When I’m writing, I always have visuals for the songs I’m making in my head. I hear and see the worlds my songs live in. Creating visuals for music takes a lot of work and resources, but I knew I wanted to try and create parts of those Ideas in a feasible way. As I was recording, I was already piecing ideas together for the videos I’d eventually make.
Putting in an effort like that (creating multiple videos) is a challenging experience for any artist nowadays. Was this process of contacting different artists for the project complex? Anything in particular that you want to highlight about the videos or the creative process?
My talented friends really helped me pull this off. Through an extremely limited (aka non-existent budget), a lot of DIY, and hard work, we were able to put out a visual for each track. All of the videos were created by a small group of 1 to 4 people, including me. Which meant I had to be my own crew, hike equipment uphill through a damp forest, edit and co-edit my own videos on free apps, and even sit in my friends shower on a plastic children’s seat while she filmed me. I always say I have billion dollar ideas on a zero-dollar budget, so i really just have to work with what I’ve got. Maybe one day, what I have in my mind can be shared in the way I imagined (that would really feel like an immense privilege), but until then, I’m really proud of what we were able to create together for this EP.
What are your expectations with the release of I Used To Be Sam and the future to come? Any upcoming tour dates?
Expectations can be a dangerous thing, especially in the music industry. I think I made this EP out of an emotional necessity, so I guess I’ll just have some small hopes. I’ll post my upcoming tour dates on all the socials etc, but I’ll be in London at the end of October to perform some concerts, which is terrifying and also very exciting.
If you could highlight a lyric from any of the tracks included on I Used To Be Sam, which one would it be? Which one of the songs was the most difficult to write?
“I’ve hemmed all my trauma so it doesn’t drag on the ground” from the song, Seamstress.
Seamstress was in some ways, the hardest song to write, because it is the one song off the EP I wrote that is directed towards my birth mother. She is the greatest stranger in my life.

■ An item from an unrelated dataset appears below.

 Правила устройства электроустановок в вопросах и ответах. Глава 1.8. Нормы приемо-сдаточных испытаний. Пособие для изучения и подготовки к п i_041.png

She is the one I think of on my birthday, and the one I think of when I look into the mirror…so confronting that, even through song, was and still is challenging for me.

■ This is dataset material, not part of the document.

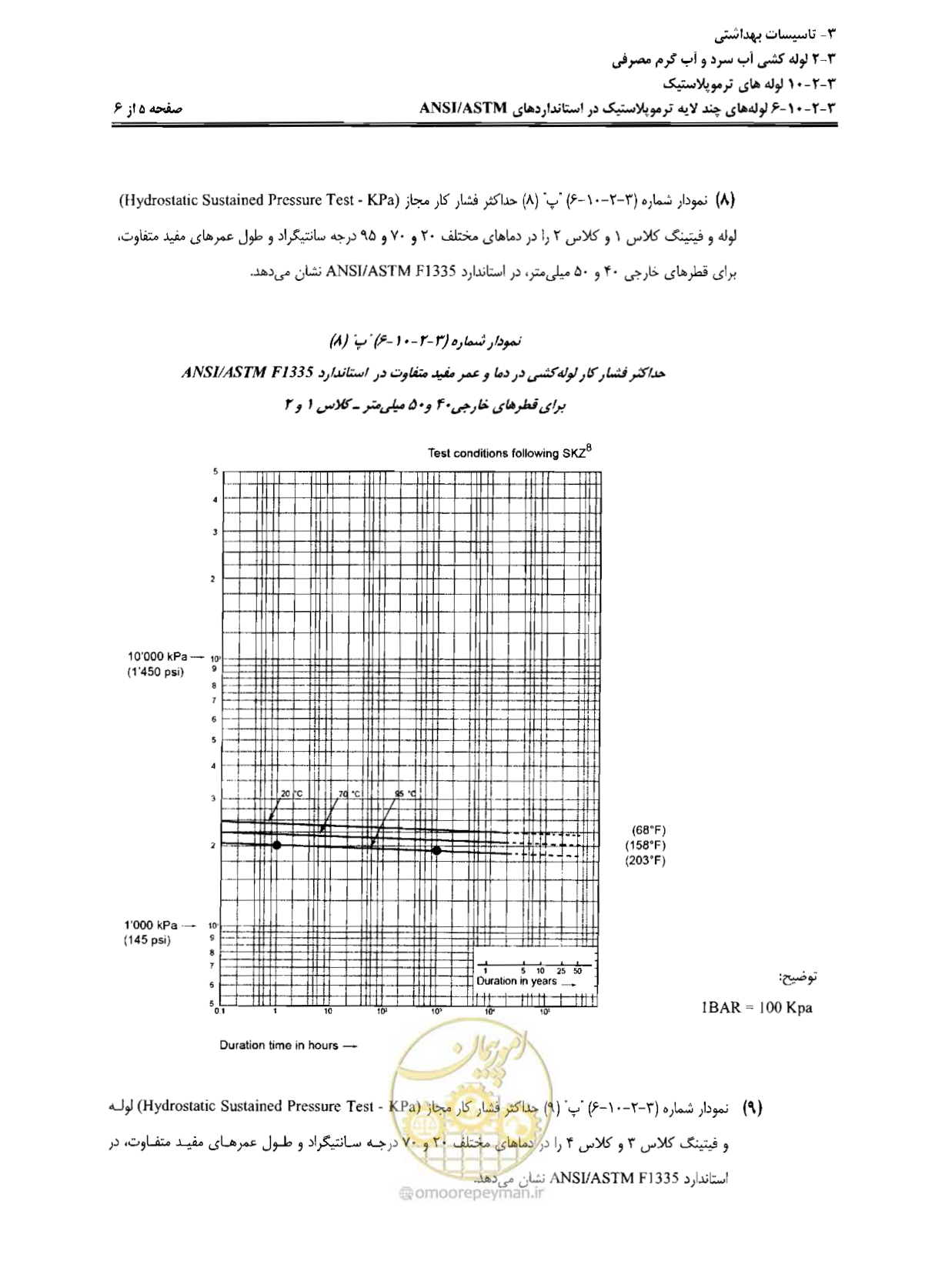 صفحه 128 از 184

One dream collaboration? And one song that you would have loved to write?
There are so many artists I love to work with and would be blown away to work with – but for now, I will say James Blake. His sound is so lush, and somehow gentle, but has such a strong and unique perspective. And there are also so many songs I would have loved to have written. Today, I’ll go with “On The Nature Of Daylight,” by Max Richter. From the opening notes, I am instantly transported – I could live in that song forever
If you could only listen to one album for the rest of your life, which one would it be?
And the last question and please feel free to open up about anything. What’s the most important thing you want to tell people about yourself and your music?
This is the first group of songs I’ve put out with no regard to archaic music industry standards. Ive been told that I’m too old, to fat, too racially ambiguous, and that my music is too far fetched, not “pop enough,” or “alternative enough” to be marketable. I don’t know If I will ever be valuable to what the music industry is today, but I hope that my music can be valuable to you, and whoever else is listening. Your experiences, your stories, your feelings, and your life is valid, so is mine, it just took me until this EP to believe it.